To draw their conclusions, researchers separated 65,000 customers into two groups; some were offered plan recommendations and others were not. The researchers used a retention campaign similar to many developed in industries such as telecoms, cable TV, credit cards, online services, insurance, and health clubs.

For companies in these sectors, high levels of attrition and rising costs for acquiring new customers can hurt profitability. The annual churn rate for wireless telephone providers, for example, is between 15% and 30% worldwide, costing companies up to $10 billion annually, according to some estimates.

Therefore, the ability to retain customers over a long period of time offsets the cost of retention campaigns offering cheaper rates with better benefits. But this study shows that while, in theory, this might make sense, the implementation of these programs might actually backfire with today’s customers.

The paper, “The Perils of Proactive Churn Prevention Using Plan Recommendations: Evidence from a Field Experiment,” is published in the Journal of Marketing Research and co-authored by Columbia Business School Ph.D. candidate Martin Schleicher and Wharton Professor Raghuram Iyengar.

The research involved 65,000 customers of a South American wireless communications firm. Some of the participants were randomly selected to receive a recommendation for a plan that was predicted to save them money based on their past behavior, and others did not receive the same encouragement.

A Wakeup Call You Don’t Want to Send

As a result, only 6% of the customers who were not offered a plan suggestion left the supplier within the first three months after the program was launched. However, 10% of those that were given a recommendation left the company high and dry.

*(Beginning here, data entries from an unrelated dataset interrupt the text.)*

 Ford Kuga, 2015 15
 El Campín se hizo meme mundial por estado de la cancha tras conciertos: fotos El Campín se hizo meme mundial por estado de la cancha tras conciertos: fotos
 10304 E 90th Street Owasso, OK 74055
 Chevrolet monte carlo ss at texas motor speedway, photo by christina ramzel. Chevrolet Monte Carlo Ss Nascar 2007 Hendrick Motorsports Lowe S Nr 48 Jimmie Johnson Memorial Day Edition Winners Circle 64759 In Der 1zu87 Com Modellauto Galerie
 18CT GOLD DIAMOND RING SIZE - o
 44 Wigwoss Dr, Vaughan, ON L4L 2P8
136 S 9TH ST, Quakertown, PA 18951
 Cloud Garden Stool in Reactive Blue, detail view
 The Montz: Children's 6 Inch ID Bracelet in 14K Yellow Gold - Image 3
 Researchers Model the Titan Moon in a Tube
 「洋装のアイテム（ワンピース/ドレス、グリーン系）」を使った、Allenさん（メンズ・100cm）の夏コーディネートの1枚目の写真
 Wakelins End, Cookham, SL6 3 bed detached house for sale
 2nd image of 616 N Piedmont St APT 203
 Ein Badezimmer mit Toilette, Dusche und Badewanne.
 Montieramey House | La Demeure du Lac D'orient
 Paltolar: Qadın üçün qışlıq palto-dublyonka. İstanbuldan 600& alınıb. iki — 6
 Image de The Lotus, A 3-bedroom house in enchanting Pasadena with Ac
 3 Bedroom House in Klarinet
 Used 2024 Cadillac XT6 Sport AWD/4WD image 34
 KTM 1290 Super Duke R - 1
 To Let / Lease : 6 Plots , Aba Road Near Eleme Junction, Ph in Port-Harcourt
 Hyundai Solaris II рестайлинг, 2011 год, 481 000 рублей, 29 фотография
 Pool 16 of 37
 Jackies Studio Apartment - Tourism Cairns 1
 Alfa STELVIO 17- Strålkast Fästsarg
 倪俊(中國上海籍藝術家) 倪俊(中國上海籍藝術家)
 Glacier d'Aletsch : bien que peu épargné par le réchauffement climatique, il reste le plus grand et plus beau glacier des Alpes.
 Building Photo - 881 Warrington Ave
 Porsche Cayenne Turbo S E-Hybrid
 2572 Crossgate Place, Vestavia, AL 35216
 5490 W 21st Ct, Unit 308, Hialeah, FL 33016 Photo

The reason? First, the research found, for customers with volatile consumption patterns who may have trouble keeping track of their spending, the offer of a plan upgrade may have the effect of alerting them to how much they are spending, prompting them to leave their provider.

“It’s a wakeup call,” says Ascarza. “And instead of reducing consumption, they say, ‘I’m out of here.'”

Inertia may be another factor, since it is a primary reason many people stick with a plan.

The researchers argue that lowering inertia levels may cause customers to reexamine their options, possibly prompting them to leave their service provider altogether and sign up with a competitor.

Rather than offering a plan to all customers, the researchers argue that selecting the right customers to target could result in lower customer churn than encouraging every “suboptimal” customer to change plans.

“We are in no way saying every marketing intervention is bad,” says Ascarza. “But, what you have to do is really decide which customers you’re going to talk to: and we show that for customers with certain characteristics, it’s simply better to leave them alone.”